(Records excerpted from a collection)
/---
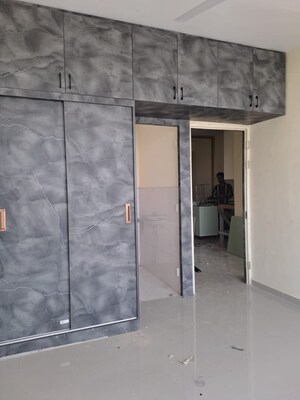 2 BHK Apartment For Rent in Pyramid Heights, Sector 85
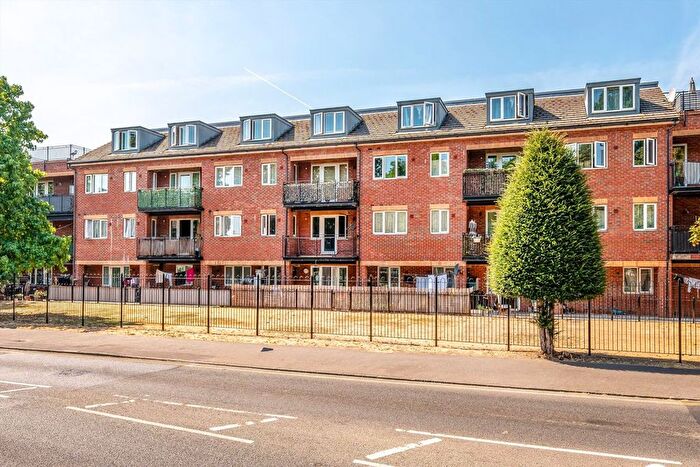 3 Bedroom Flat For Sale In St. Giles Close, Hounslow, TW5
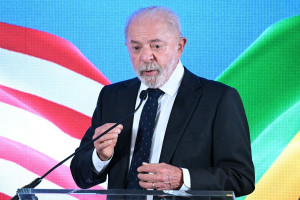 
O presidente brasileiro Luiz In&aacute;cio Lula da Silva discursa durante uma coletiva de imprensa na Embaixada do Brasil 
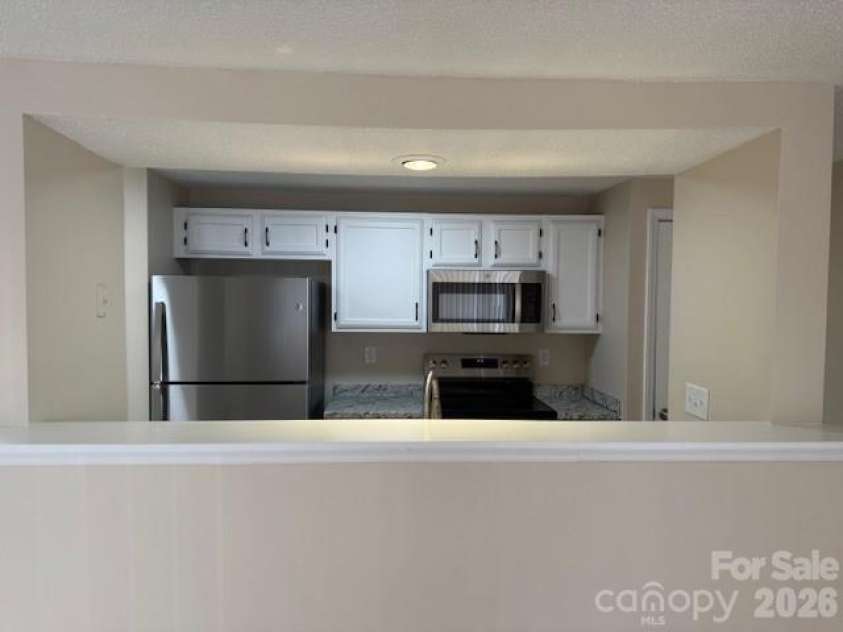 1610 Arlyn Circle, Charlotte, NC 28213.  MLS# CAR4357031, YatesRealty ID 4255. 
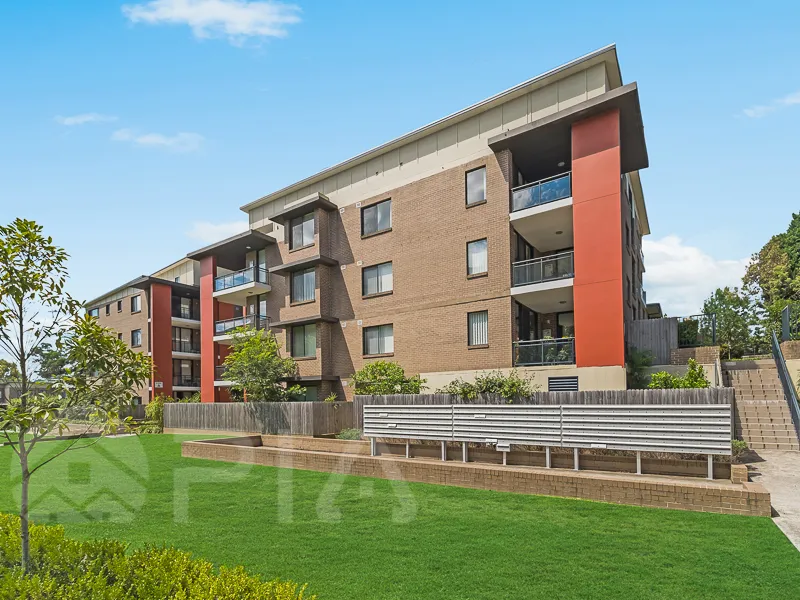 Spacious Apartment Available Now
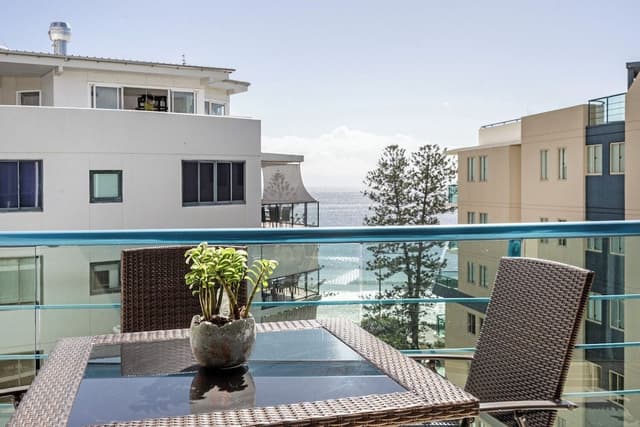 Studio Beach Executive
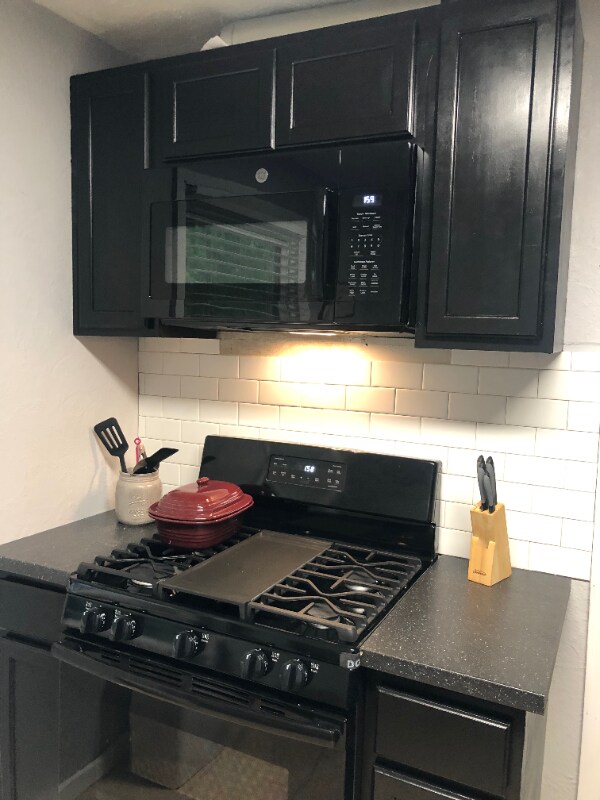 Foto del edificio - 956 6th Ave SW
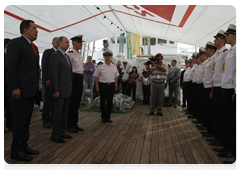 Prime Minister Vladimir Putin and Venezuelan President Hugo Chavez touring the Krusenstern, a Russian sailing ship, in the seaport of Caracas|2 april, 2010|18:12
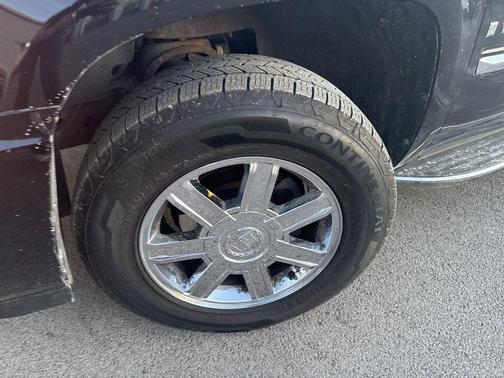 2007 Cadillac Escalade Base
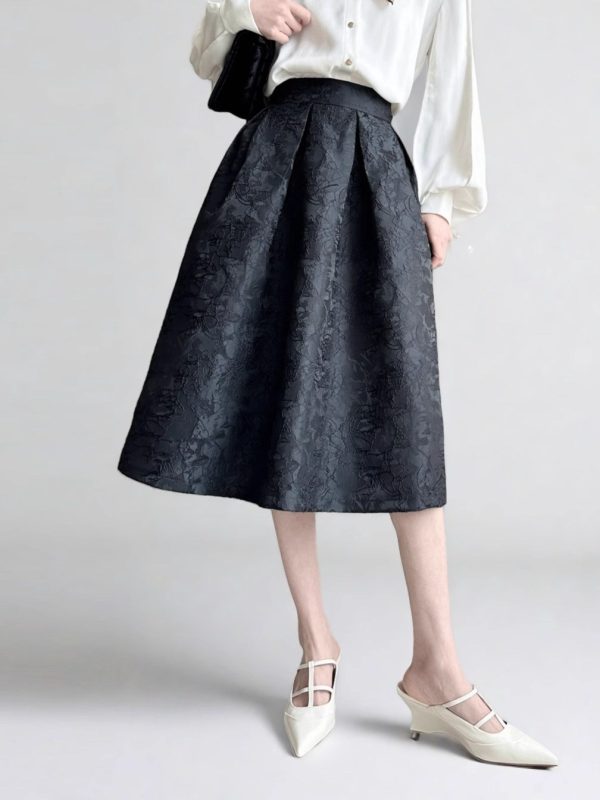 High-Waisted Black Vintage Jacquard Puff Skirt - Women's A-Line Half Skirt in Elegant Chinese Style, Slimming Design for a Chic Look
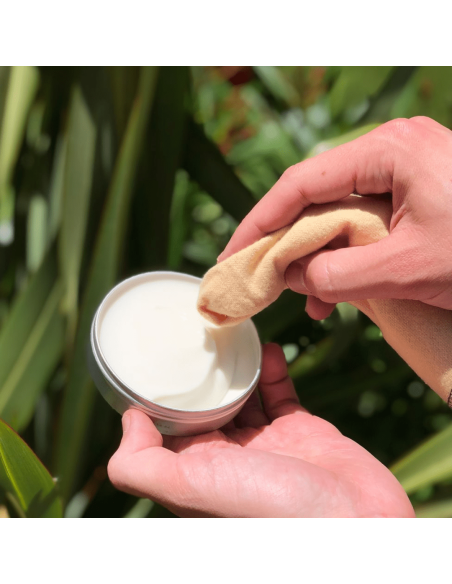 Tecido de algodão natural. Pano para aplicar graxa de sapato.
\---
Nothing but the lines from the one containing "3 Bedroom Flat" through the last line of the records should appear in the copy, exactly as written and without pictures.

 3 Bedroom Flat For Sale In St. Giles Close, Hounslow, TW5
O presidente brasileiro Luiz In&aacute;cio Lula da Silva discursa durante uma coletiva de imprensa na Embaixada do Brasil 
 1610 Arlyn Circle, Charlotte, NC 28213.  MLS# CAR4357031, YatesRealty ID 4255. 
 Spacious Apartment Available Now
 Studio Beach Executive
 Foto del edificio - 956 6th Ave SW
 Prime Minister Vladimir Putin and Venezuelan President Hugo Chavez touring the Krusenstern, a Russian sailing ship, in the seaport of Caracas|2 april, 2010|18:12
 2007 Cadillac Escalade Base
 High-Waisted Black Vintage Jacquard Puff Skirt - Women's A-Line Half Skirt in Elegant Chinese Style, Slimming Design for a Chic Look
 Tecido de algodão natural. Pano para aplicar graxa de sapato.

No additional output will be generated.